OECD says Coronavirus is Greatest Threat to Global Economy Since Financial Crisis
The Organisation for Economic Co-operation and Development (OECD) has issued a stark warning saying that the coronavirus represents the greatest danger to the global economy since the financial crash of 2008.
The OECD’s latest Interim Economic Outlook contains both a ‘best-case’ scenario in which the extent of the coronavirus is broadly contained and a ‘domino’ prospect of contagion that is more widespread. The Outlook predicts that should a ‘domino’ scenario become reality some EU countries may be facing into recession.
In both cases, the OECD is calling on Governments to act immediately to limit the spread of coronavirus in order to protect people and businesses and shore up demand in the economy.

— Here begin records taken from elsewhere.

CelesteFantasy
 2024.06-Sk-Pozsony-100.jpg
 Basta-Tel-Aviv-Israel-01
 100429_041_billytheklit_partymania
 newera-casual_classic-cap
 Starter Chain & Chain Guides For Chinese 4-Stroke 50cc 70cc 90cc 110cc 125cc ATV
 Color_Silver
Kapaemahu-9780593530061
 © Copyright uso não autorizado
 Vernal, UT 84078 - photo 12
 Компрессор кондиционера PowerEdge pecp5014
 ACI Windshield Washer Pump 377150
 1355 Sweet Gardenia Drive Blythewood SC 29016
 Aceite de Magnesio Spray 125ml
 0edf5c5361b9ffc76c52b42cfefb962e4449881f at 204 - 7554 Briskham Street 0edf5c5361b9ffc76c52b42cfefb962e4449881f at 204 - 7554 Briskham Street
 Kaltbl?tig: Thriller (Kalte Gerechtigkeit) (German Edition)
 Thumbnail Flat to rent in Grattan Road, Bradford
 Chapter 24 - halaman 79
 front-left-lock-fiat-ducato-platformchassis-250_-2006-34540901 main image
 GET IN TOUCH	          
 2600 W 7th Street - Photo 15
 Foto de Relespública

According to the OECD, even in the best -case scenario of limited outbreaks in countries outside of China, a sharp slow-down in world growth is expected in the first half of 2020 as supply chains and commodities are hit, tourism drops and confidence falters. Global economic growth is predicted to fall to 2.4% for the whole year compared to an already weak 2.9% in 2019. It is then expected to rise to a modest 3.3% in 2021.
Growth prospects for China have been revised down sharply to below 5% this year after 6.1% in 2019.
While the best- case scenario would have a knock- on effect for the EU economy, the OECD predicts serious impact to member economies if containment of the virus fails.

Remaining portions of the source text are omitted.